=== Work item ===
Leaving out the pictures, return word for word the stretch of entries below from the line holding "Букет с яркими" through the line holding "ashleylove prg online".

*** Raw data ***

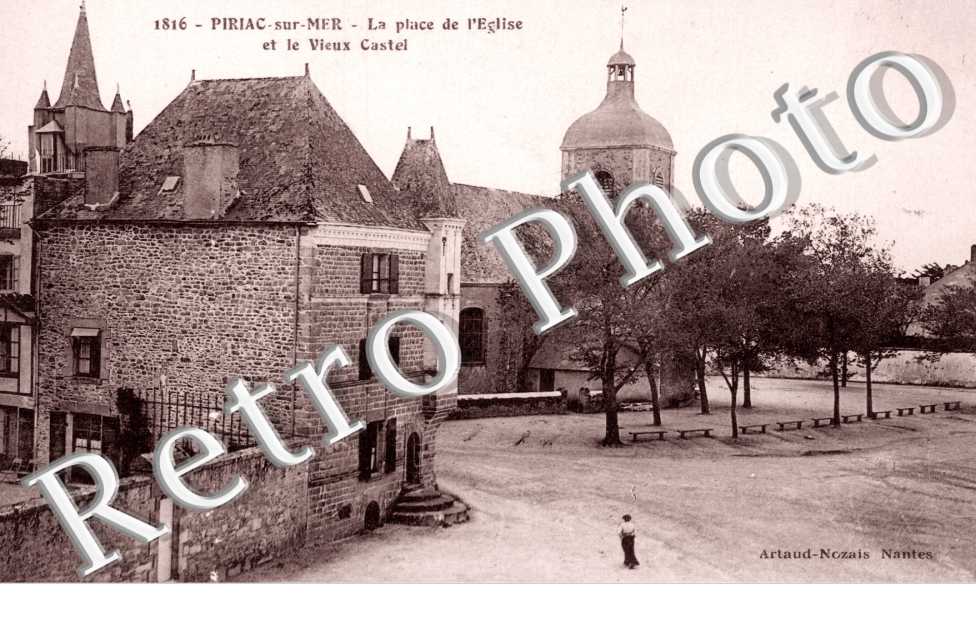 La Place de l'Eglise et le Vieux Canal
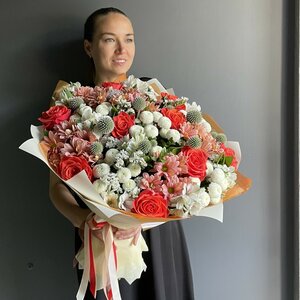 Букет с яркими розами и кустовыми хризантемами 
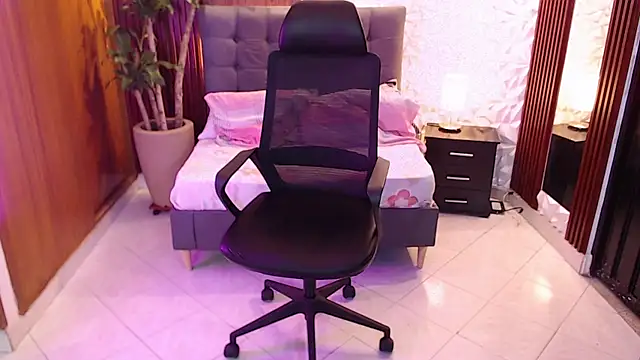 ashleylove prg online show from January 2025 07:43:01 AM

*** End of Raw data ***
*** Raw data ***

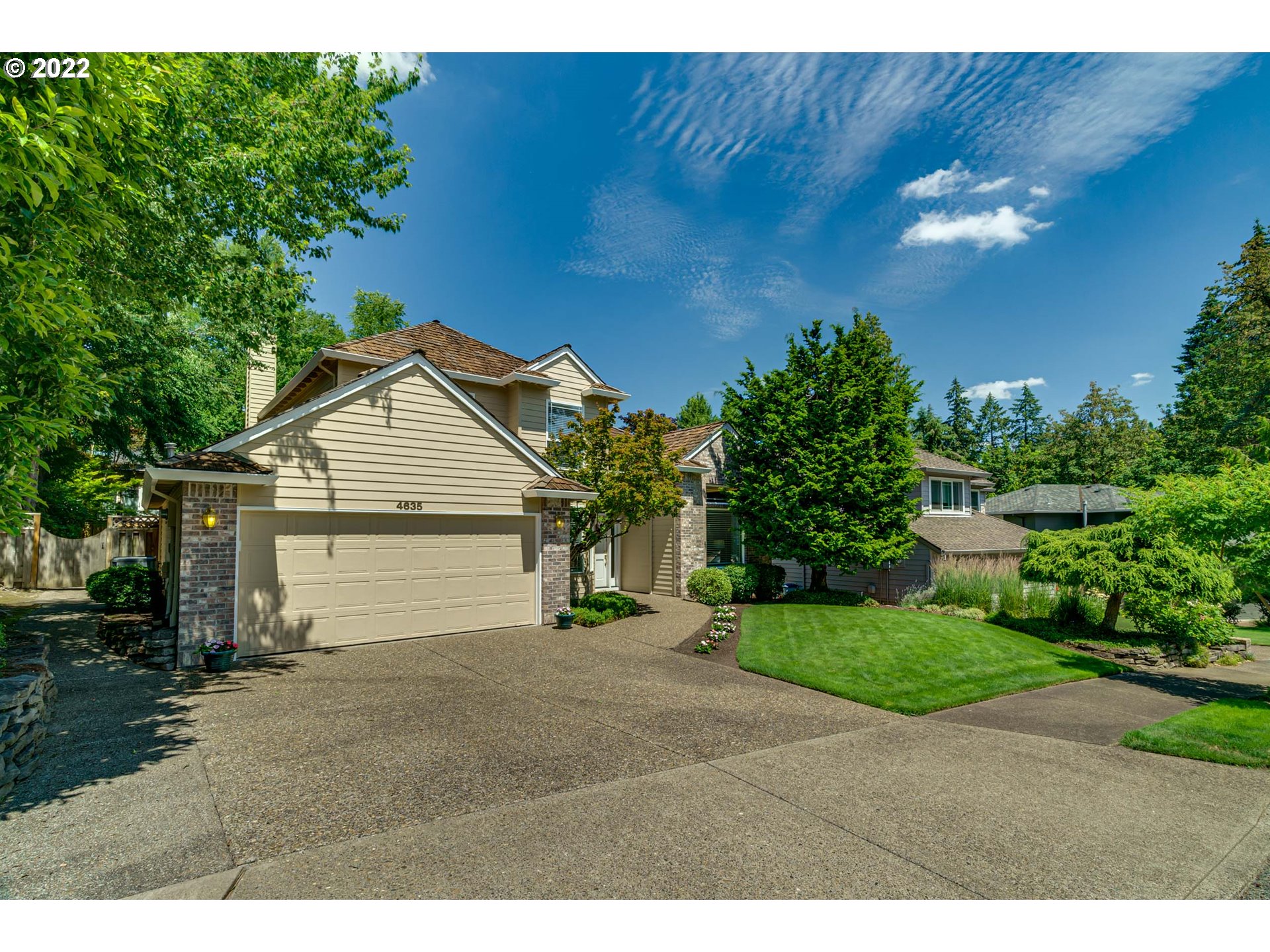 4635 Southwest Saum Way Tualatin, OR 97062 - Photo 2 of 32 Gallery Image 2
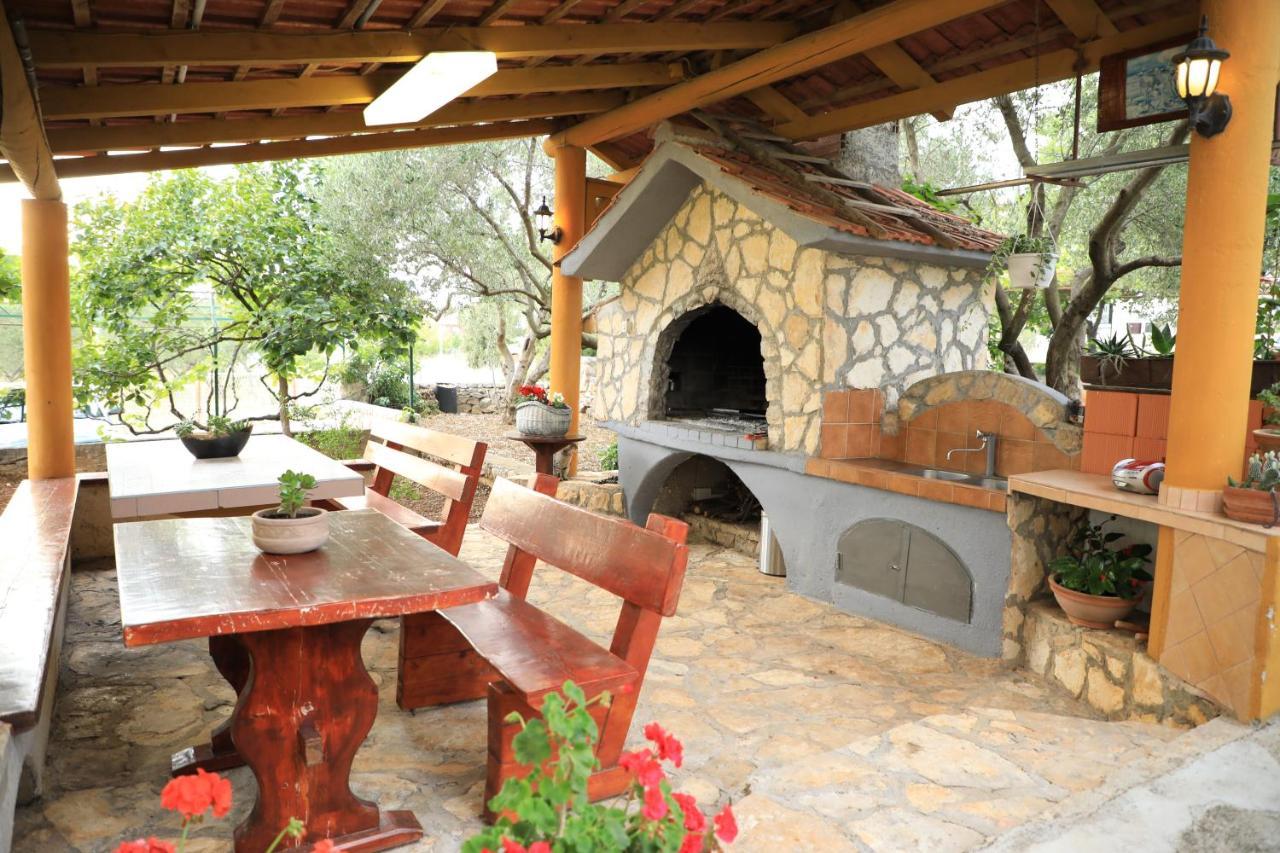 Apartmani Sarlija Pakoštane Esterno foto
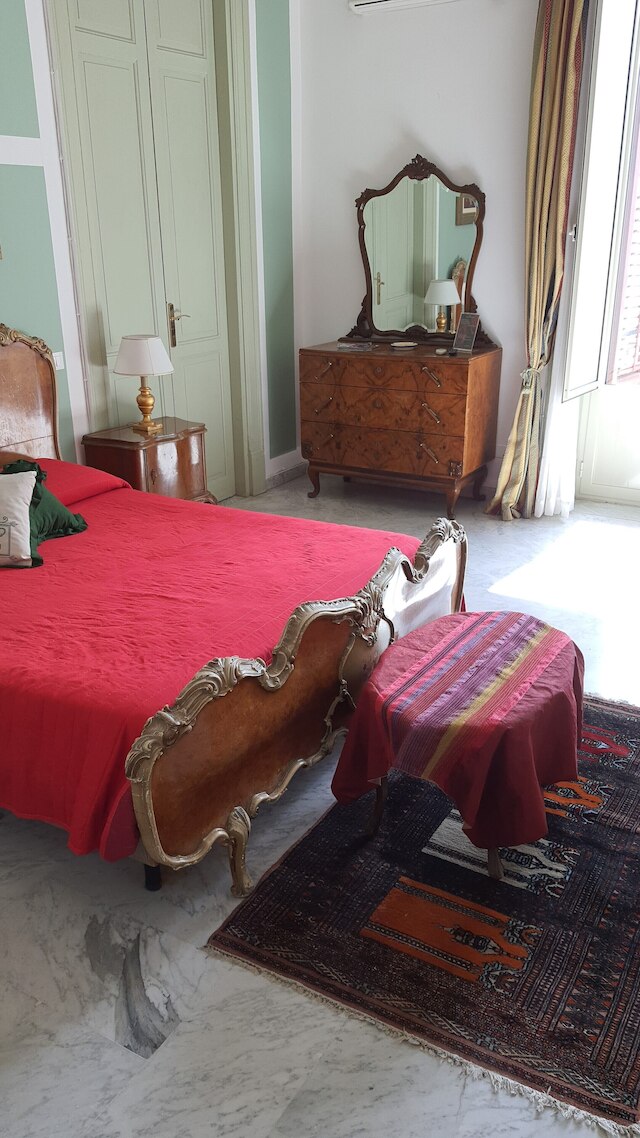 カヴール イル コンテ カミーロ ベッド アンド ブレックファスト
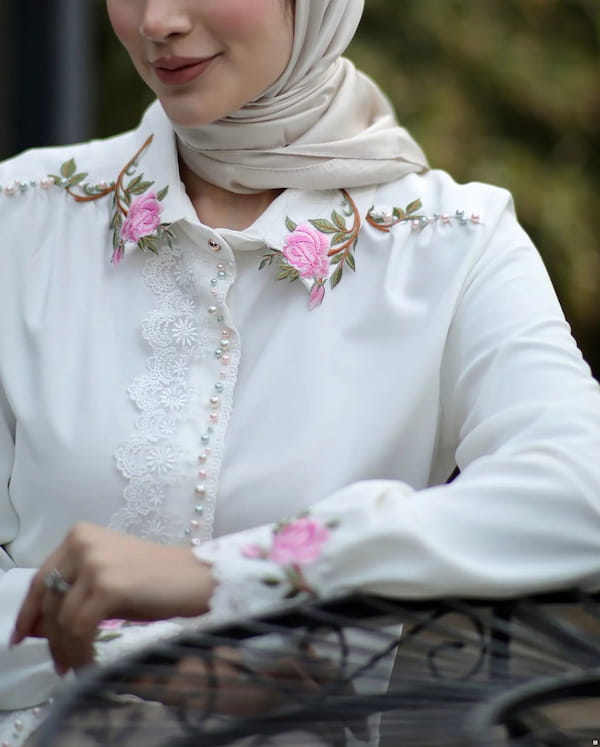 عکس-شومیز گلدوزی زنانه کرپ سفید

*** End of Raw data ***
*** Raw data ***

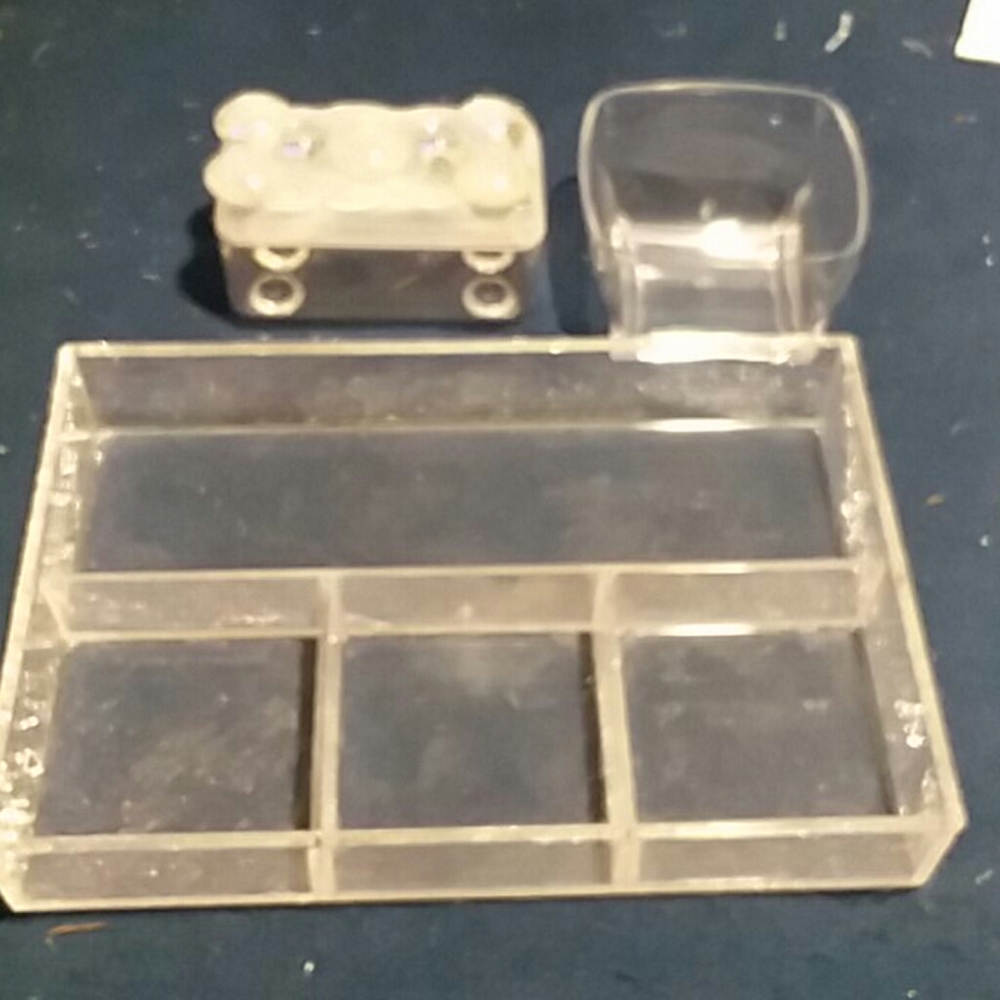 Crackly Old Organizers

*** End of Raw data ***

=== Answer to the exercise ===
 Букет с яркими розами и кустовыми хризантемами 
 ashleylove prg online show from January 2025 07:43:01 AM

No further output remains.